Figure majeure de la nouvelle vague littéraire québécoise, Kev Lambert se livre avec sensibilité et profondeur dans un entretien au long cours. Depuis sa révélation fracassante avec “Que notre joie demeure”, l’auteur natif de Montréal, 31 ans, impose son univers singulier, entre réalisme cru et onirisme poétique. Son dernier roman “Les Sentiers de Neige”, paru aux éditions Le Nouvel Attila, confirme tout son talent.
De l’enfance à l’écriture
Explorant les tourments intérieurs d’un garçonnet nommé Zooey, Kev Lambert puise dans sa propre enfance pour nourrir son récit. « C’est un enfant qui vit son premier Noël après la séparation de ses parents et qui se pose beaucoup de questions par rapport à ça.
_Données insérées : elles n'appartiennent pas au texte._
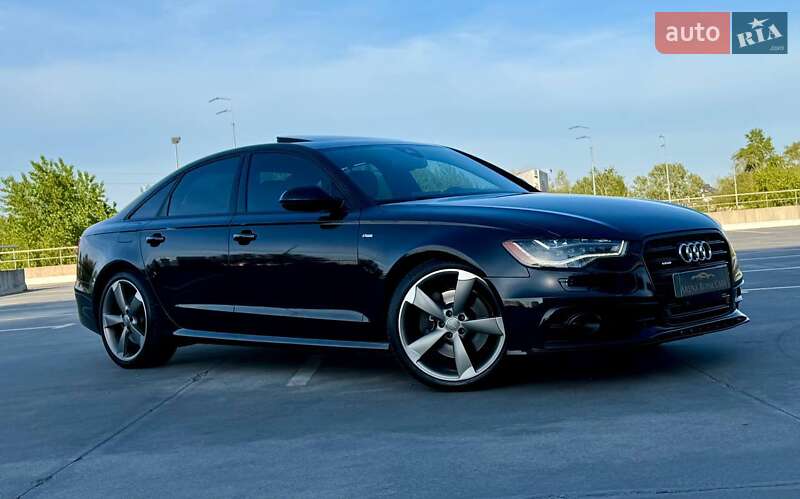 Седан Audi A6 2014 в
Il se sent coupable », confie l’écrivain dans le podcast “Les Gens Qui Lisent Sont Plus Heureux”. Zooey ressent un « défaut » que lui renvoie le regard des autres, qui le perçoivent comme « efféminé, trop sensible ». Une différence que Kev Lambert transcrit par un jeu subtil sur les pronoms, au fil de la quête identitaire de son personnage.
La littérature sert à ça, il faut que ça déroute un peu, c’est bien.
Kev Lambert
S’affranchir des « identités qu’on fait peser sur nous »
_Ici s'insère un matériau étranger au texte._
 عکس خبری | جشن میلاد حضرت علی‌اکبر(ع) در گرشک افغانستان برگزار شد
Cette thématique du genre résonne avec le propre cheminement de l’auteur, qui a adopté le prénom “Kev” pour sa transition. « Je n’aime pas trop les mots garçon, homme ou masculin. Mais les mots fille, femme ou féminin non plus », souligne-t-il. « C’est une transition vers nulle part, ou un entre-deux. Une manière de m’approcher des différentes identités que j’ai en moi. » Pour Kev Lambert, « ce qui fait peur, ce sont les murailles, les frontières, les jugements sociaux. Les identités qu’on fait peser sur nous et qu’on ne choisit pas. »
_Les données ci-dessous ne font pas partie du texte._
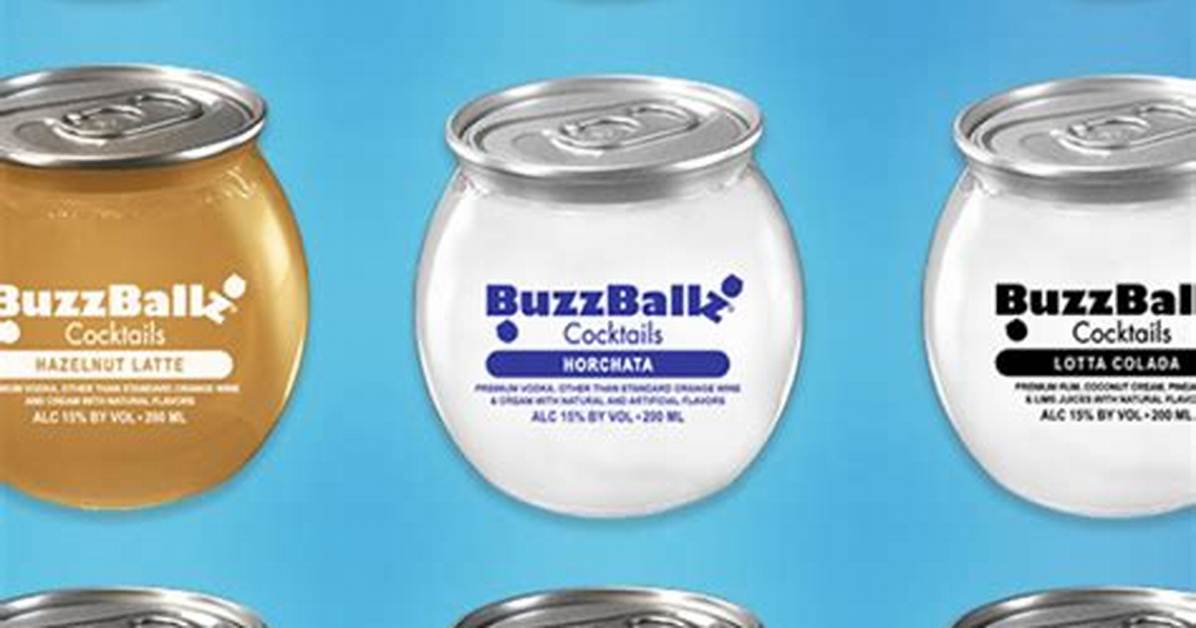 How Much Does a Buzzball Cost?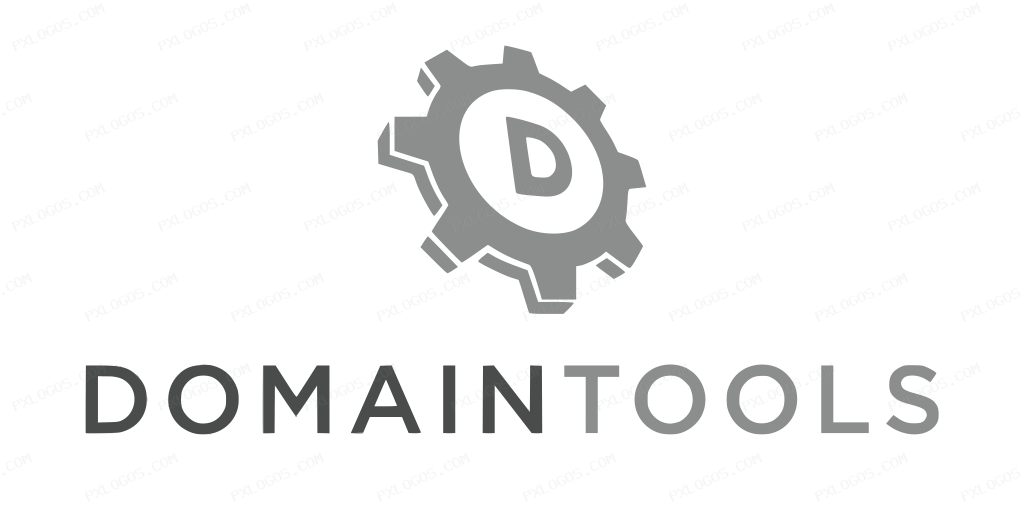 Domaintools Wordmark Logo PNG with transparent background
La littérature, « une source de soulagement et de consolation »
Face à ces tourments et questionnements, l’écriture est très tôt apparue comme un refuge. « La littérature, c’est pour moi une grande source de soulagement ou de consolation », affirme Kev Lambert. À sept ans, la lecture du premier tome d’Harry Potter a été une révélation. « Quand je lisais qu’un enfant portait la marque d’un agresseur, de la personne qui lui a fait du mal, et que dans les tomes suivants il y a la voix du méchant en lui, je me reconnaissais. » Une résonance intime avec ce sentiment d’être habité par « des voix de reproches », qui disaient à l’enfant qu’il était « anormal ».
Sans le comprendre, je pense que j’allais chercher dans la littérature une sorte de résonance des cicatrices.
Kev Lambert
La fiction pour « exprimer les émotions et pulsions les plus inconscientes »
Car les livres n’apaisent pas toujours en « nous faisant du bien », note l’écrivain, mais « même parfois en nous faisant du mal ». La littérature nous permet « d’exprimer les émotions et pulsions les plus inconscientes et les plus horribles. D’agressivité ou de meurtre, même ! » Une fonction sociale essentielle, pour « sublimer » et « vivre » ces pulsions par procuration. Un exutoire salvateur, qui a sans doute permis à Kev Lambert de grandir, s’épanouir et créer, pour mieux panser ses blessures intimes.
Au fil de cet entretien à cœur ouvert, Kev Lambert éclaire son rapport charnel et existentiel à l’écriture. Un cheminement courageux et inspirant, qui fait de lui l’une des voix les plus singulières de sa génération.